Wouters Luc, Göhlmann Hinrich W, Bijnens Luc, Kass Stefan U, Molenberghs Geert, Lewi Paul J
Center for Statistics, Limburgs Universitair Centrum, transnationale Universiteit Limburg, Universitaire Campus, gebouw D, B-3590 Diepenbeek, Belgium.
Biometrics. 2003 Dec;59(4):1131-9. doi: 10.1111/j.0006-341x.2003.00130.x.
This article describes three multivariate projection methods and compares them for their ability to identify clusters of biological samples and genes using real-life data on gene expression levels of leukemia patients. It is shown that principal component analysis (PCA) has the disadvantage that the resulting principal factors are not very informative, while correspondence factor analysis (CFA) has difficulties interpreting distances between objects. Spectral map analysis (SMA) is introduced as an alternative approach to the analysis of microarray data. Weighted SMA outperforms PCA, and is at least as powerful as CFA, in finding clusters in the samples, as well as identifying genes related to these clusters. SMA addresses the problem of data analysis in microarray experiments in a more appropriate manner than CFA, and allows more flexible weighting to the genes and samples. Proper weighting is important, since it enables less reliable data to be down-weighted and more reliable information to be emphasized.

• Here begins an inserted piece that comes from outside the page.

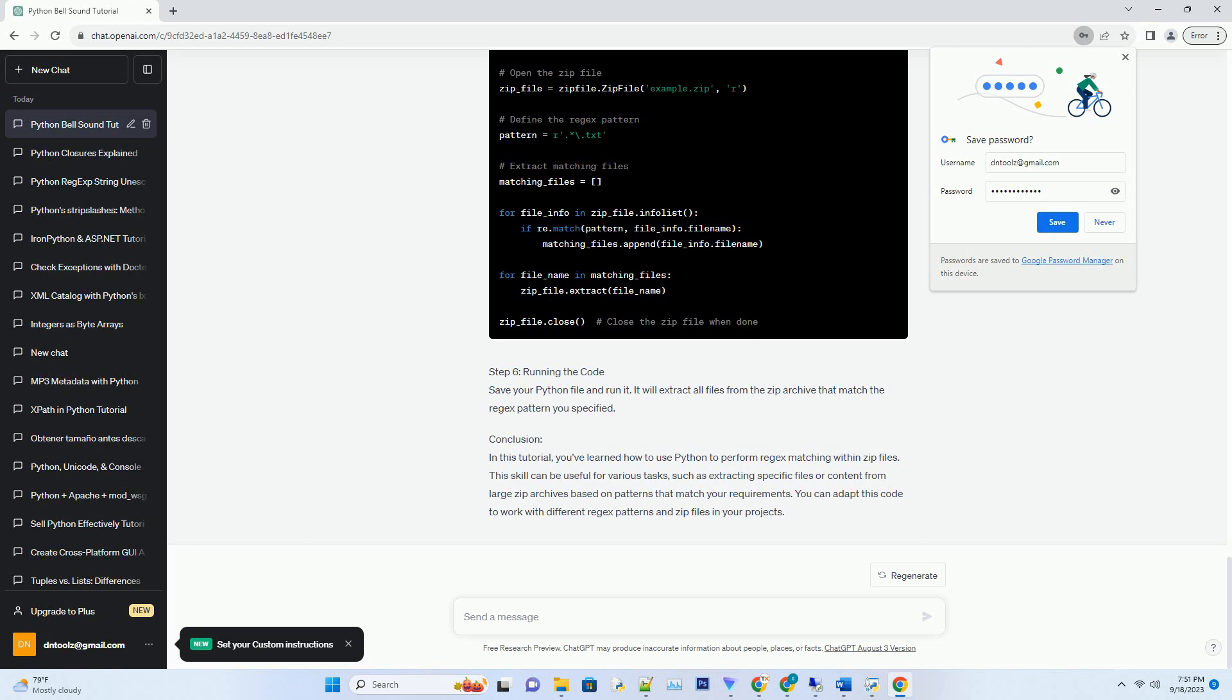Conclusion: In this tutorial, you've learned how to create a bell sound in Python using the Pygame library. You can further customize your bell sound by exploring different sound samples and adding effects. This knowledge can be applied to various projects, including games, applications,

本文介绍了三种多元投影方法,并利用白血病患者基因表达水平的实际数据,比较了它们识别生物样本和基因簇的能力。结果表明,主成分分析(PCA)的缺点是所得主因子信息量不大,而对应因子分析(CFA)在解释对象间距离方面存在困难。引入谱图分析(SMA)作为微阵列数据分析的替代方法。加权谱图分析在样本聚类以及识别与这些聚类相关的基因方面优于主成分分析,并且至少与对应因子分析一样强大。谱图分析比对应因子分析更适当地解决了微阵列实验中的数据分析问题,并允许对基因和样本进行更灵活的加权。适当的加权很重要,因为它能降低可靠性较低的数据的权重,并强调更可靠的信息。